- [WORK ORDER]: An exact reproduction is required of the lines from the beginning of the entries through the line with "Top Quality CL Shoes Casual shoes", pictures excluded and nothing added.
• • • • • • •
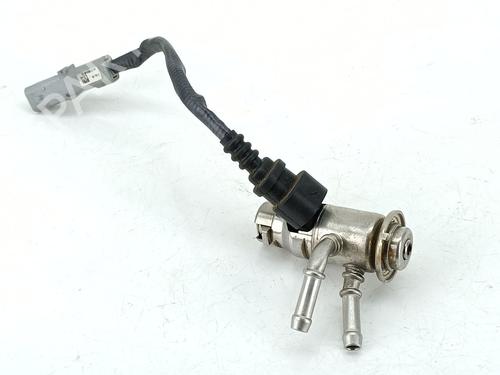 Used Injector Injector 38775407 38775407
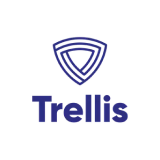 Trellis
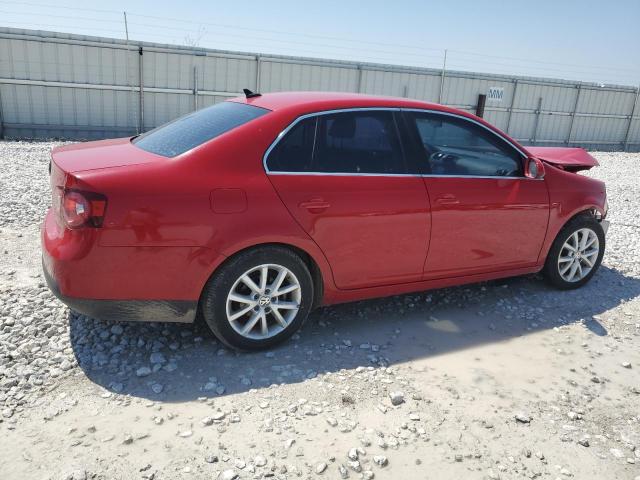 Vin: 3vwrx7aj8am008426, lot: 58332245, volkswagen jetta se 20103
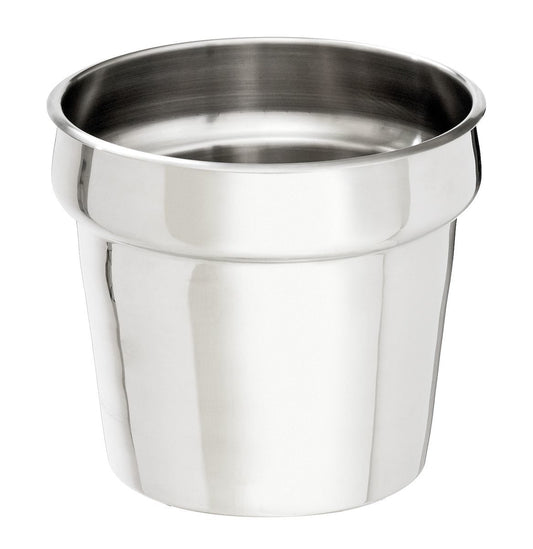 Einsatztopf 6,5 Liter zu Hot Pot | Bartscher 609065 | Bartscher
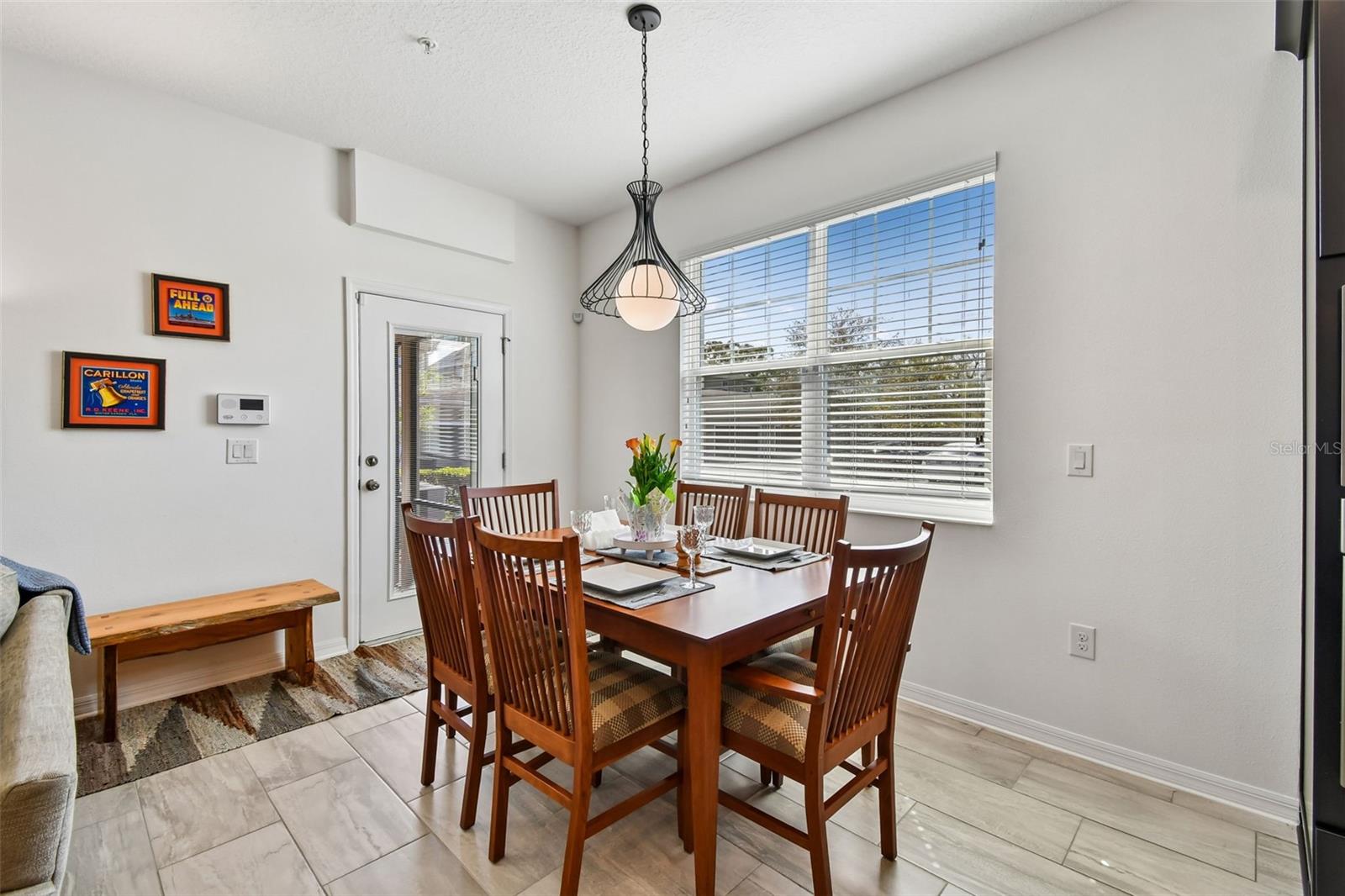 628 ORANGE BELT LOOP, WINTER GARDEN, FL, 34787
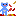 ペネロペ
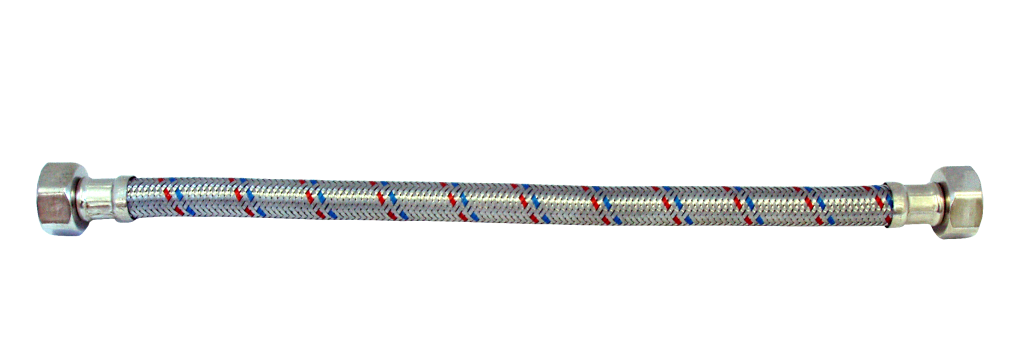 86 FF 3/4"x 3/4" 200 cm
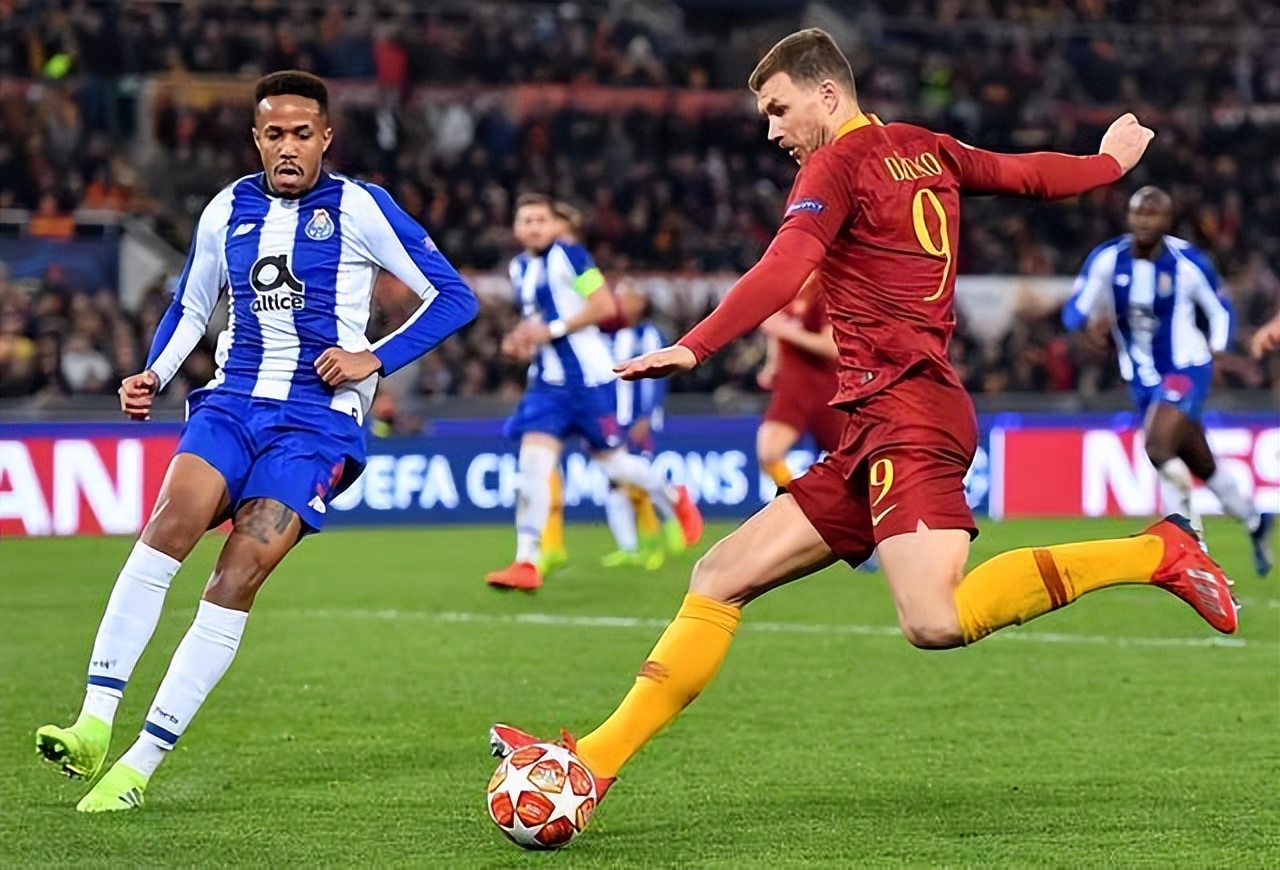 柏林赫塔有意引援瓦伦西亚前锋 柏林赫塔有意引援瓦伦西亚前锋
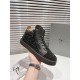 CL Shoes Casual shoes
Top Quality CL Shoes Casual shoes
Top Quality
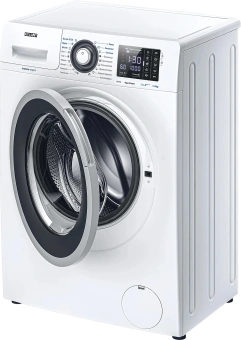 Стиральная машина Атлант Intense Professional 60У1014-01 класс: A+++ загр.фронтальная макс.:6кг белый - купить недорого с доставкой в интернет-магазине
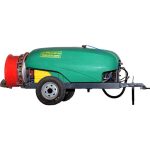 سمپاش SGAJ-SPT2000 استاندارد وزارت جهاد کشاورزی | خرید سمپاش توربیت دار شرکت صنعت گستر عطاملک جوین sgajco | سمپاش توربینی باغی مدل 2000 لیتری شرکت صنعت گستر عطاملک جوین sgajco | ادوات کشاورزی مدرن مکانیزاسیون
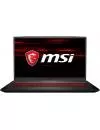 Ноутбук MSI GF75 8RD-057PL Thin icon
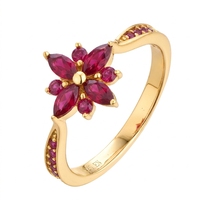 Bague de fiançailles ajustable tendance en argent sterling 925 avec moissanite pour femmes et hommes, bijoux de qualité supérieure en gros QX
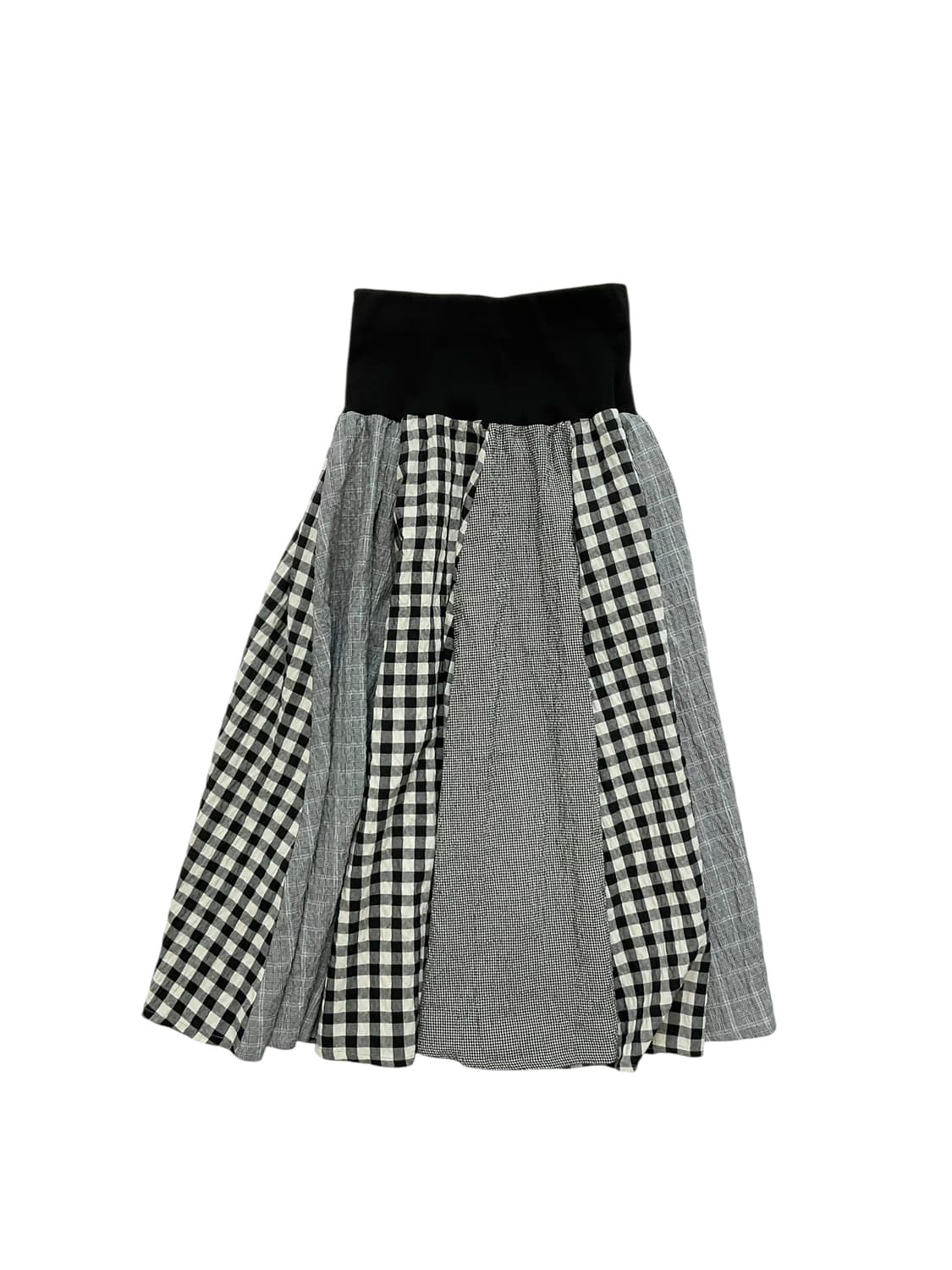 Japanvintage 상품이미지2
• • • • • • •
- [ANSWER TO THIS TASK]:
 Used Injector Injector 38775407 38775407
 Trellis
 Vin: 3vwrx7aj8am008426, lot: 58332245, volkswagen jetta se 20103
 Einsatztopf 6,5 Liter zu Hot Pot | Bartscher 609065 | Bartscher
 628 ORANGE BELT LOOP, WINTER GARDEN, FL, 34787
 ペネロペ
 86 FF 3/4"x 3/4" 200 cm
 柏林赫塔有意引援瓦伦西亚前锋 柏林赫塔有意引援瓦伦西亚前锋
 CL Shoes Casual shoes
Top Quality CL Shoes Casual shoes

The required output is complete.